# What you will do:
Quote these lines exactly: the one that holds "LEG AVENUE Men's" and every line after it to the end of the material below. Skip pictures.

# Data below:
★ ★ ★ ★ ★ ★ ★

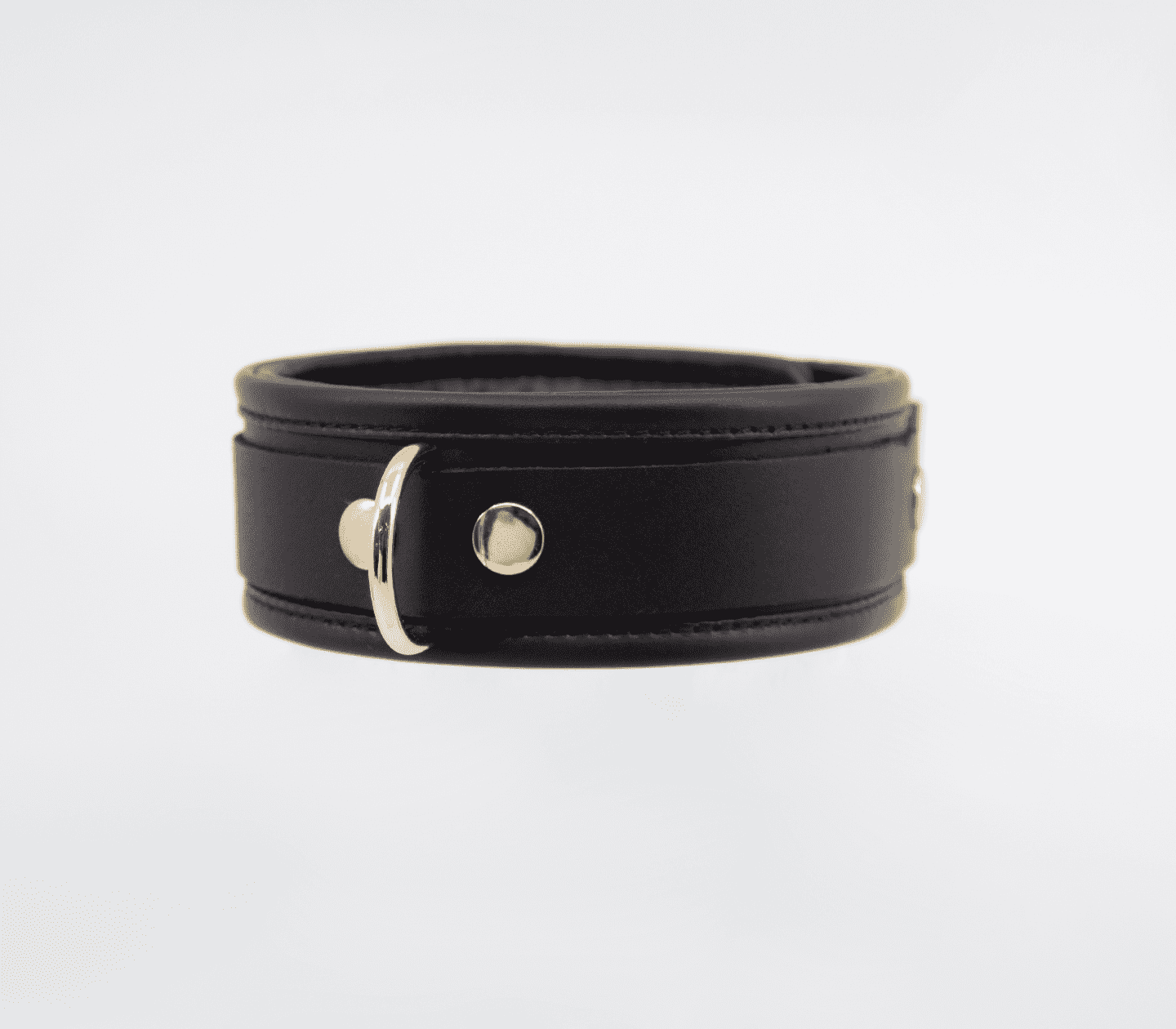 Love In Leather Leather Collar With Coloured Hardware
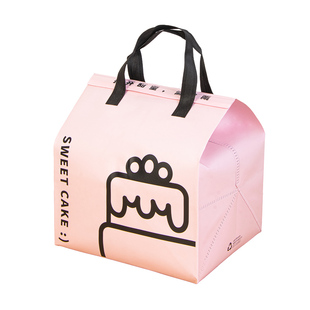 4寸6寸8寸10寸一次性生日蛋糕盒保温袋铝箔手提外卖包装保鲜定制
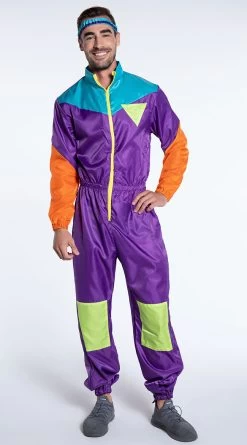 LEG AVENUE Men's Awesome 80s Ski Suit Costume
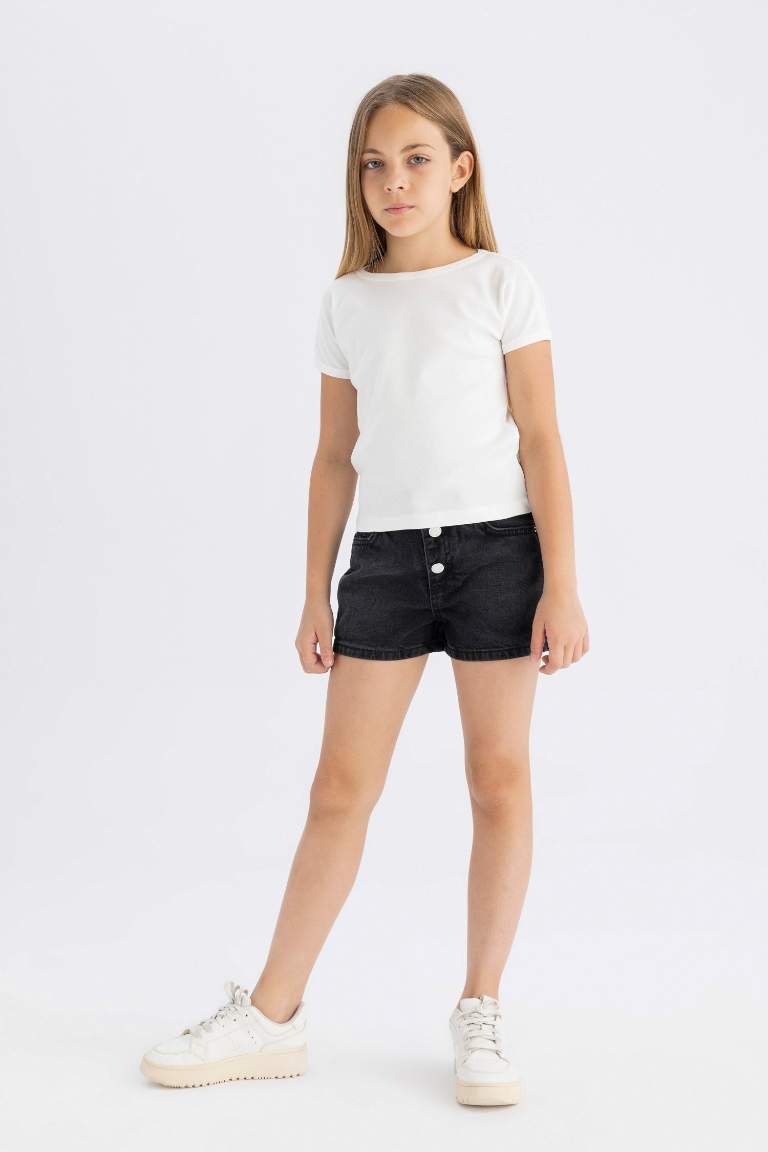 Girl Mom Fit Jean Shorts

★ ★ ★ ★ ★ ★ ★

# Your solution:
 LEG AVENUE Men's Awesome 80s Ski Suit Costume
 Girl Mom Fit Jean Shorts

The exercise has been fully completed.